China hopes vaccine serves as redemption
Four of the vaccines in human trials are from China, who is reportedly keen to be the first to find a working vaccine as a “redemptive factor” to help restore its global reputation.
Military virologist Chen Wei was photographed receiving a dose of the non-replicating viral vector vaccine from CanSino that is in stage 2 of trials, but hasn’t released any findings yet.
This type of vaccine works by introducing an engineered virus into the body that includes proteins of coronavirus.
The Wuhan Institute of Biological Products, Beijing Institute of Biological Products and Sinovac are all working on inactivated vaccines, which means they contain the COVID-19 virus that is then killed by being exposed to chemicals or UV light.
It’s an old type of vaccine, but can be a simple way to introduce something to the body without causing extra disease, and potentially limiting side effects.
The Sinovac vaccine has been proven to be effective in rhesus macaque monkeys, who generated neutralising antibodies when they received a dose.
Data from phase one of all these trials is limited though, and there’s no news on testing large amounts of people yet.
UK already conducting human trials
Oxford University has teamed up with British-Swedish bio-tech company AstraZeneca to create a non-replicating viral vector vaccine, which is already being tested on people.

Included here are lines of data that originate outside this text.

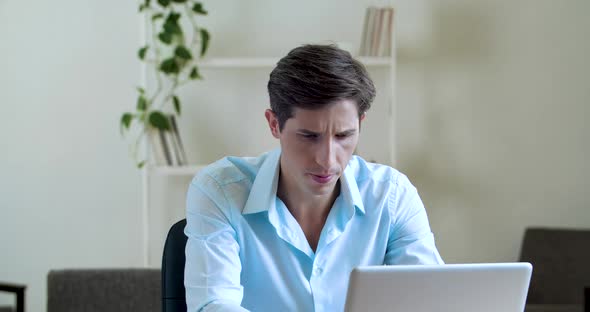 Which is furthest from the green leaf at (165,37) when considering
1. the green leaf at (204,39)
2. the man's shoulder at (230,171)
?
the man's shoulder at (230,171)

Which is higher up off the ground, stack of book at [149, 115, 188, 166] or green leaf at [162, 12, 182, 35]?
green leaf at [162, 12, 182, 35]

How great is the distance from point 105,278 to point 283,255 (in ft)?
3.61

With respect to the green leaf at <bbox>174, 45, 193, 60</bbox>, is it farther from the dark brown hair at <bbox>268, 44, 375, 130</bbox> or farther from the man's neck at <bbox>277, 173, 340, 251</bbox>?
the dark brown hair at <bbox>268, 44, 375, 130</bbox>

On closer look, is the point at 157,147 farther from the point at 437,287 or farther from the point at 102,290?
the point at 437,287

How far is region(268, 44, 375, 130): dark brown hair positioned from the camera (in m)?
1.64

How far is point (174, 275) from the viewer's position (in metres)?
1.76

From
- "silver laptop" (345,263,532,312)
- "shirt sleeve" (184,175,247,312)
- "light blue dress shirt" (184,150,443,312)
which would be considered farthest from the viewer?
"light blue dress shirt" (184,150,443,312)

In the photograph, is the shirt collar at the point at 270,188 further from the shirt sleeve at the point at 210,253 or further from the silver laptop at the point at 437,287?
Result: the silver laptop at the point at 437,287

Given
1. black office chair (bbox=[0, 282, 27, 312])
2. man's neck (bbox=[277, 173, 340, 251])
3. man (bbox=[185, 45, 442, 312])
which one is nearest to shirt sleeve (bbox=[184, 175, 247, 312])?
man (bbox=[185, 45, 442, 312])

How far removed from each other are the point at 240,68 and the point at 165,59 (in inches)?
15.5

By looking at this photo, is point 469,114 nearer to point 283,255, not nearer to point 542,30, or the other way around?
point 542,30

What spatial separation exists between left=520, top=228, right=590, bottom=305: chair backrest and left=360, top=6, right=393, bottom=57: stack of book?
1.03 meters

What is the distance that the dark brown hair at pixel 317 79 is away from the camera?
1.64 m

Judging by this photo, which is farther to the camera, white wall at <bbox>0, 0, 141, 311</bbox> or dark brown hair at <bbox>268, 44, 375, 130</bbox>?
white wall at <bbox>0, 0, 141, 311</bbox> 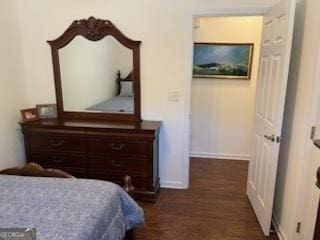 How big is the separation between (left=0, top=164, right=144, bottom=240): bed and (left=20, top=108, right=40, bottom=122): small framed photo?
1.32 meters

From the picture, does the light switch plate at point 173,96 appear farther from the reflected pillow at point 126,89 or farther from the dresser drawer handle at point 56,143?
the dresser drawer handle at point 56,143

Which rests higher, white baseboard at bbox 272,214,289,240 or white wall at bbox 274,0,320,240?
white wall at bbox 274,0,320,240

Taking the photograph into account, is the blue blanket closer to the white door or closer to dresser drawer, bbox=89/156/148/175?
dresser drawer, bbox=89/156/148/175

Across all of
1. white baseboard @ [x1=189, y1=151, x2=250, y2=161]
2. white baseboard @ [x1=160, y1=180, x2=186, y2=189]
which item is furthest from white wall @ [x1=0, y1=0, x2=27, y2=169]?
white baseboard @ [x1=189, y1=151, x2=250, y2=161]

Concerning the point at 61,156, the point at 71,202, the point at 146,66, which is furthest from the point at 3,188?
the point at 146,66

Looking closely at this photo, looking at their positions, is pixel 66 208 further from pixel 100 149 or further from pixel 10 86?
pixel 10 86

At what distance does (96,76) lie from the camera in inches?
123

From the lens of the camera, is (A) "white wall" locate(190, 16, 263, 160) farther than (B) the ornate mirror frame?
Yes

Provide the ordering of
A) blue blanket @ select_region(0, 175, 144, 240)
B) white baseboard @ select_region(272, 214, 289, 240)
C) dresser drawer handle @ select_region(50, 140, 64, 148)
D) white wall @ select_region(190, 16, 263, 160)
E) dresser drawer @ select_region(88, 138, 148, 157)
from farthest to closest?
white wall @ select_region(190, 16, 263, 160), dresser drawer handle @ select_region(50, 140, 64, 148), dresser drawer @ select_region(88, 138, 148, 157), white baseboard @ select_region(272, 214, 289, 240), blue blanket @ select_region(0, 175, 144, 240)

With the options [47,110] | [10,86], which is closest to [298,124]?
[47,110]

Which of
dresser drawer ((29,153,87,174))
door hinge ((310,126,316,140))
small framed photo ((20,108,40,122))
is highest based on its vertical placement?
door hinge ((310,126,316,140))

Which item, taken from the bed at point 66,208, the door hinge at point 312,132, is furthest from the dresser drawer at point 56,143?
the door hinge at point 312,132

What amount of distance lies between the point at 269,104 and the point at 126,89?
1.55m

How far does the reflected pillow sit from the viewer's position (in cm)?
304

It was first tested on rhesus masque monkeys, who were given the vaccine before being exposed to high levels of the COVID-19 virus.
The animals were protected from developing pneumonia and had less of the virus in their airways and lungs than monkeys who hadn’t been vaccinated.
The vaccine is now in advanced trial stages with 10,000 people in the UK and 2000 people in Brazil about to be given the vaccine. If it’s successful, it could be on the market as early as September.
Human trials also underway in Australia
Human trials for the NVX-CoV2373 vaccine developed by US company Novovax started in Melbourne in May. In terms of Australia’s own efforts, the Federal Government announced this week it will invest $66 million for research into a coronavirus vaccine and antiviral medications.
Five million of this will go directly to The University of Queensland and their molecular clamp project, which allows the development of new vaccines to be fast-tracked.
It’s collaborating with the Coalition for Epidemic Preparedness Innovations and has been called one of the world’s leading candidates in the area.
Germany company’s vaccine development
German company BioNTech has teamed up with US pharmaceutical Pfizer to create an RNA vaccine.
It’s been given to 360 volunteers in the US, and if it’s proved to be safe and effective, they are hoping to get an emergency authorisation from the FDA in October.
It uses a synthetic technology which means it could be manufactured more quickly than other traditional vaccines, so it could be able to deliver 20 million doses by the end of the year, and hundreds of millions in 2021.
If successful, it would have gone from study to regulatory approval in just nine months – one of the fastest ever vaccines to be developed.